139.  Serving the Royals: Inside the Firm* (2015) – If you have ever had someone squeeze exactly one inch of toothpaste onto your brush, or if someone has ironed your shoelaces, you have received the royal treatment.  This behind-the-scenes documentary on Amazon Prime showcases the tasks, menial and more, that the staff of 1200 people who serve the British Monarchy undertake – for small wages – to serve royalty.  This chatty film reveals secrets that should be covered by the signing of a non-disclosure agreement, but which the staff has shared anyway.  Paul Burrell, long-time butler to Prince Charles and Lady Diana, readily tells some of the requirements of the positions.  Walking the Queen’s Corgis is high on the list, as is the ironing of the sheets and most everything else and more that we all saw on “Downton Abbey.”  3 cans, because behind-the-scenes stuff always fascinates me.
140.  Harriet* (2019) – This movie covers the legendary life of Harriet Tubman, a slave who runs away from Maryland to Philadelphia, where she becomes the best-known activist in the Underground Railroad, transporting slaves from the south to the north in search of freedom.  Tubman (a stoic and charismatic Cynthia Erivo) ultimately was responsible for liberating hundreds of slaves with a blend of heroism and her belief that God gave her the strength and wisdom to act.  The movie is an impressive accounting of Tubman’s ability to move stealthily back and forth, to disguise herself and to fear nothing.  My only criticism is that she seems a bit like Wonder Woman at times.  However, to me, the most important part of the movie was the realization that the majority of Southern white people saw themselves as the superior race and that owning slaves was their birthright.  How anyone could justify owning another person just rocked me.  It is remarkable that more than 100 years have passed and there persists this sense of superiority among some people that continues to manifest itself in everyday occurrences even in 2019.  Harriet may be a hero, but so many of the people in this movie are the scum of the earth.  4 cans.

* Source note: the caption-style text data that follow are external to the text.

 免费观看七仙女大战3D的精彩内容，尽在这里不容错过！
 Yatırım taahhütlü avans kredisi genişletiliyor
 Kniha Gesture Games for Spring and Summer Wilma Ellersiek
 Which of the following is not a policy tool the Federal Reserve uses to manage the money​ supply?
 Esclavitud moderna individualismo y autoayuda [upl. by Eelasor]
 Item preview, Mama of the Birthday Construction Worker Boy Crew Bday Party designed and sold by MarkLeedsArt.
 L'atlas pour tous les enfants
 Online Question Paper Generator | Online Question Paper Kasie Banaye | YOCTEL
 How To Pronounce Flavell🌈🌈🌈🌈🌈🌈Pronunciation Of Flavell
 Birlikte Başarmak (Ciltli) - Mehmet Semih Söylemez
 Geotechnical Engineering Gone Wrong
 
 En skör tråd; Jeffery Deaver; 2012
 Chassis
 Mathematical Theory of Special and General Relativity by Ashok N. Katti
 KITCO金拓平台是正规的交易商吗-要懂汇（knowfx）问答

141.  The Preppy Murder* (2019) – This multi-part series (aired on AMC and Sundance networks on TV) recounts the 1986 murder of Jennifer Levin by Robert Chambers, who killed the 18-year old in Central Park but claimed it was an accident that occurred during an episode of “rough sex.”  This might have been the start of the “blame the victim” defense, and it was certainly a clear example of what we now refer to as “white privilege.”  Chambers was tall, dark and handsome, living on the Upper East Side of Manhattan, and moved among a crowd of sons and daughters of the rich and famous.  He was quickly identified as the killer and offered up a story that Jennifer was the aggressor and he was the victim, which his attorneys enhanced through a PR campaign that made him seem like a choirboy.  The case was front-page news all over the city, and just getting a jury on the case was difficult because everyone in NYC knew about it from daily headlines. In case you don’t remember the conclusion of the case, I won’t discuss it here, but it is safe to say that being tall, dark and handsome doesn’t mean you are not a monster.  3½ cans.

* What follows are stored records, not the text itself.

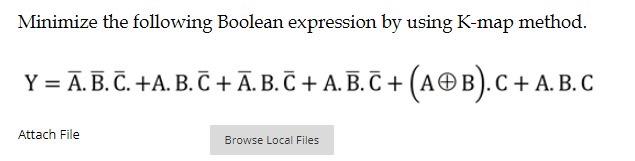Solved Minimize the following Boolean expression by using | Chegg.com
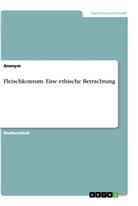Anonym, Anonymous - Fleischkonsum. Eine ethische Betrachtung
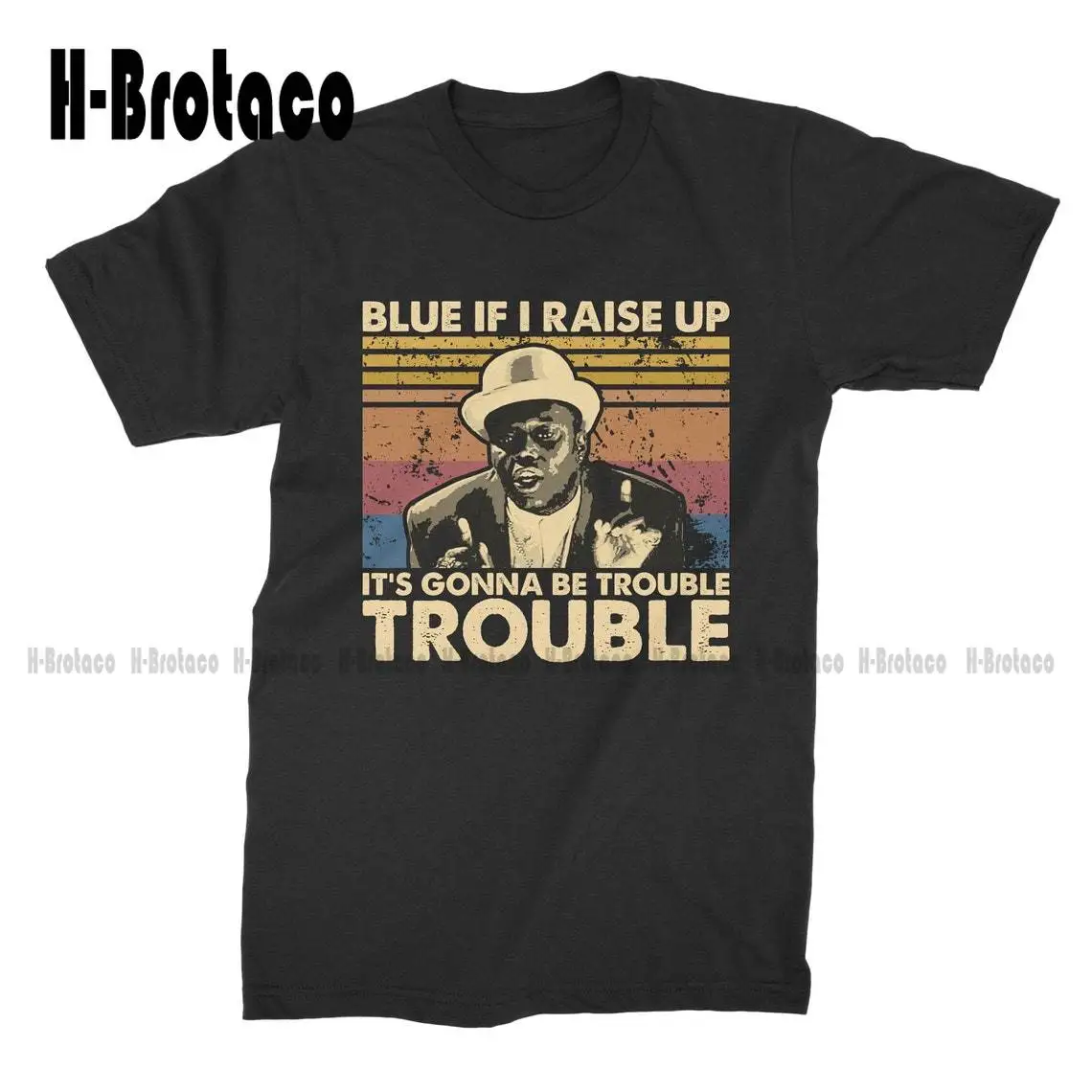 

Blue If I Raise Up It's Gonna Be Trouble Vintage T-Shirt T Shirt Custom Aldult Teen Unisex Digital Printing Tee Shirts Xs-5Xl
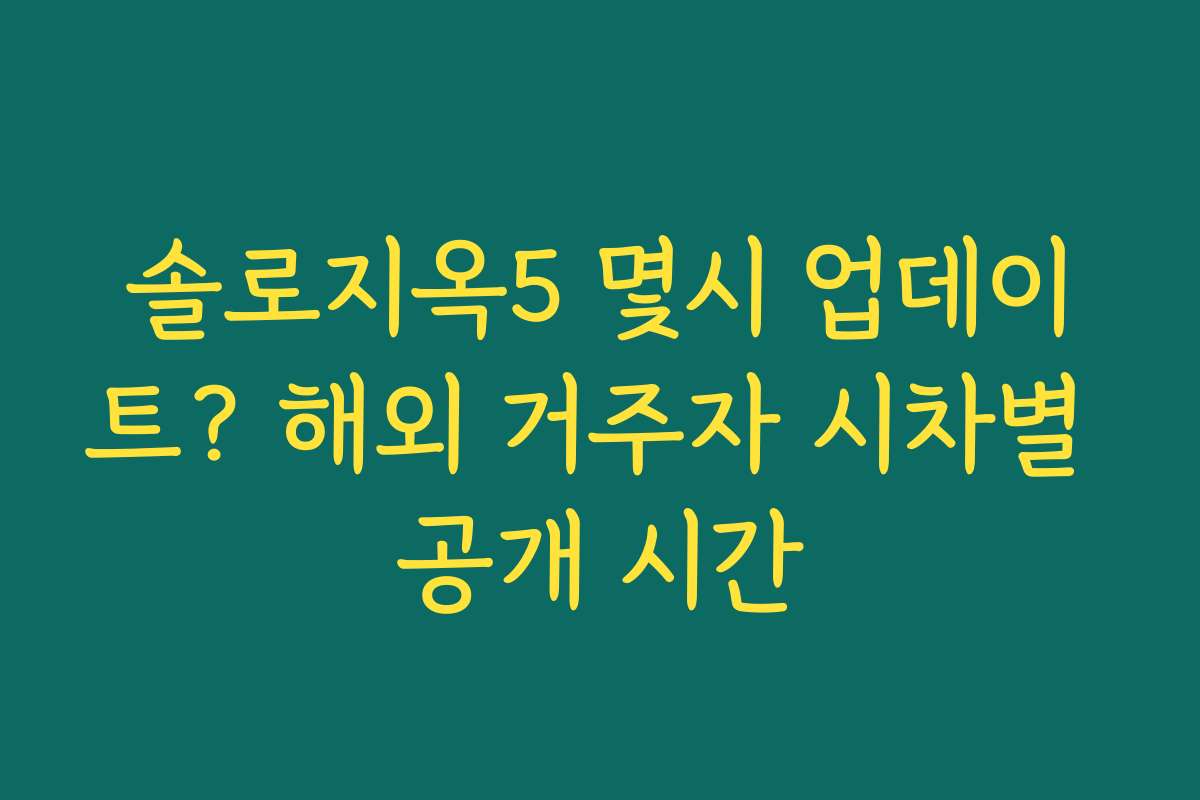 솔로지옥5 몇시 업데이트? 해외 거주자 시차별 공개 시간
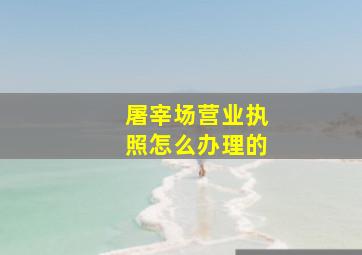 屠宰场营业执照怎么办理的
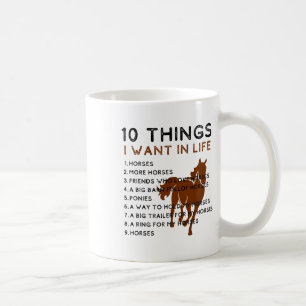 Things I Want In My Life Horses More Horses Horse Coffee Mug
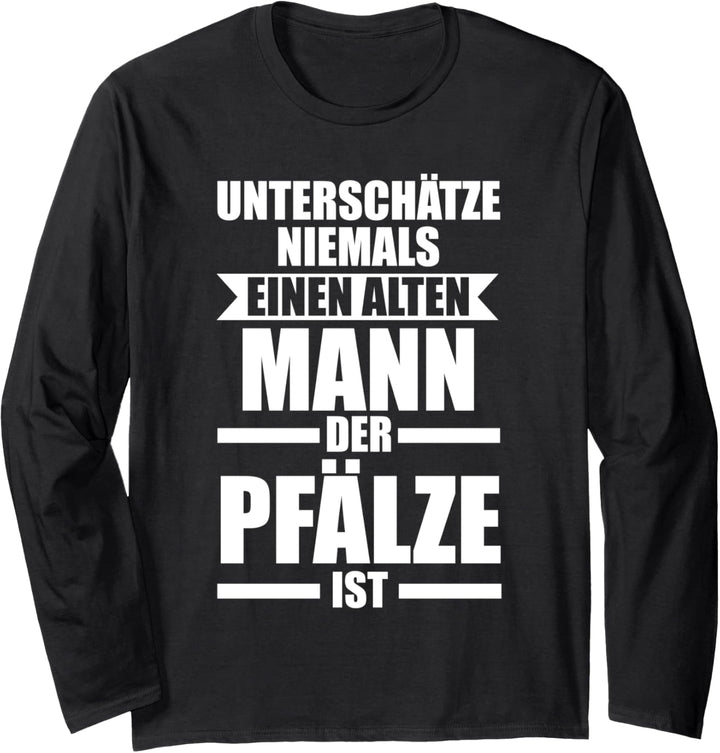 Ein alter Mann der Pfälze ist Pfalz Heimat Langarmshirt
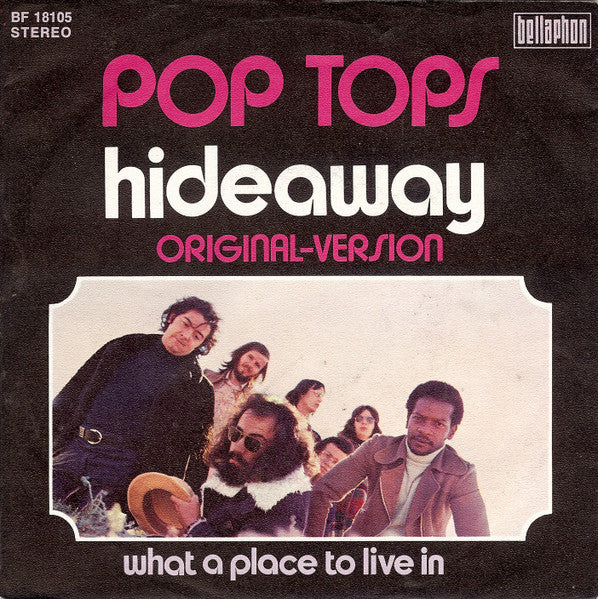 Pop Tops - Hideaway Vinyl Singles Vinyl Very Good (VG) <br> Hoes Good Plus (G+)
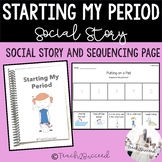 Menstrual Cycle / Starting your period social story for SPED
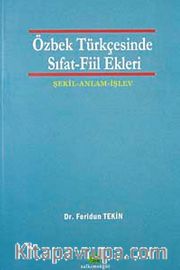 Özbek Türkçesinde Sıfat-Fiil Ekleri <br /> Şekil-Anlam-İşlev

142.  Love Actually (2003) – I cannot possibly review this movie again, because by now EVERYONE knows I love it.  The characters, the plot, the actors and even the songs make it a practically perfect romantic comedy, with Hugh Grant and Emma Thompson almost stealing the show.  Just watch it if you haven’t already and you will see what I mean.  The only flaw I can site is the irrelevant story about the porn actors who fall in love.  That arc can be excised, and you wouldn’t miss it.  5 cans.
143.  Very Ralph Lauren* (2019) – Ralph Lifschitz started as a boy in the Bronx and became an American icon, a fashion designer who had no training and couldn’t sketch but possessed the vision to develop clothing and create lifestyles for the past 50 years.  This documentary on HBO lionizes him and his incredible sense of taste and style.  From rich fabrics to layering, newly-named Lauren set new standards with his ubiquitous Polo brand that practically everyone recognizes.  His name and tastes helped define style in America.  3 cans.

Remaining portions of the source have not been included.